Everything in the data should be repeated exactly, save for the images.

Segment Start: Source data

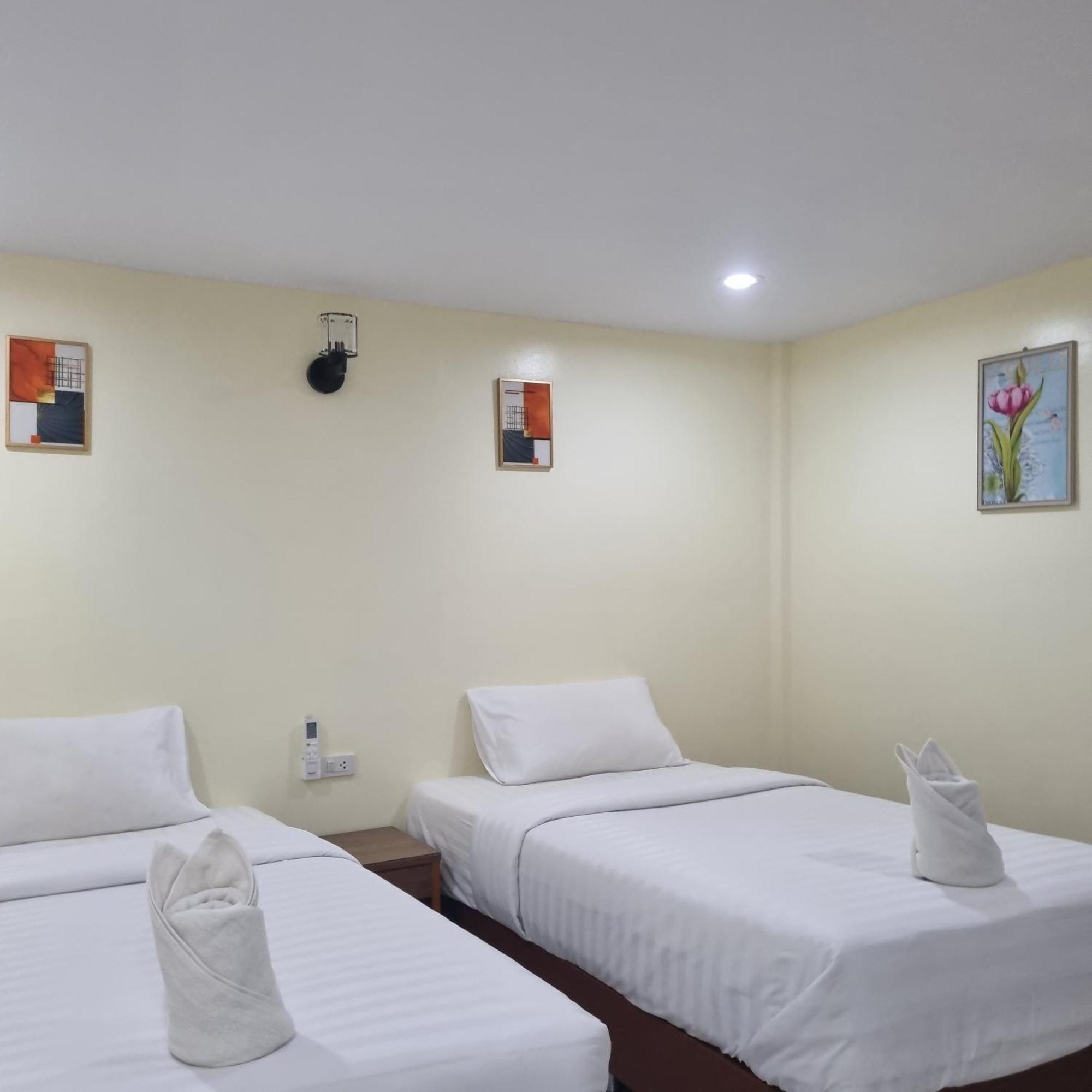 Haad Somboon House * Bang Saphan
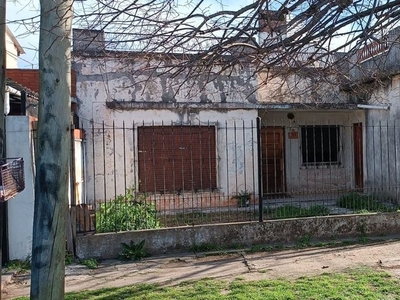 Venta casa a reciclar 156 m2 Berazategui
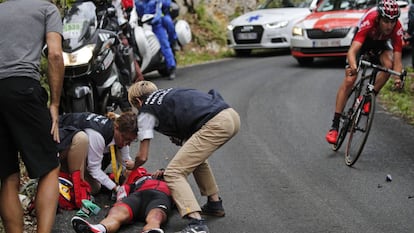 Richie Porte, atendido despu&eacute;s de su ca&iacute;da.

Segment End: Source data

▸ Exercise solution:
 Haad Somboon House * Bang Saphan
 Venta casa a reciclar 156 m2 Berazategui
 Richie Porte, atendido despu&eacute;s de su ca&iacute;da.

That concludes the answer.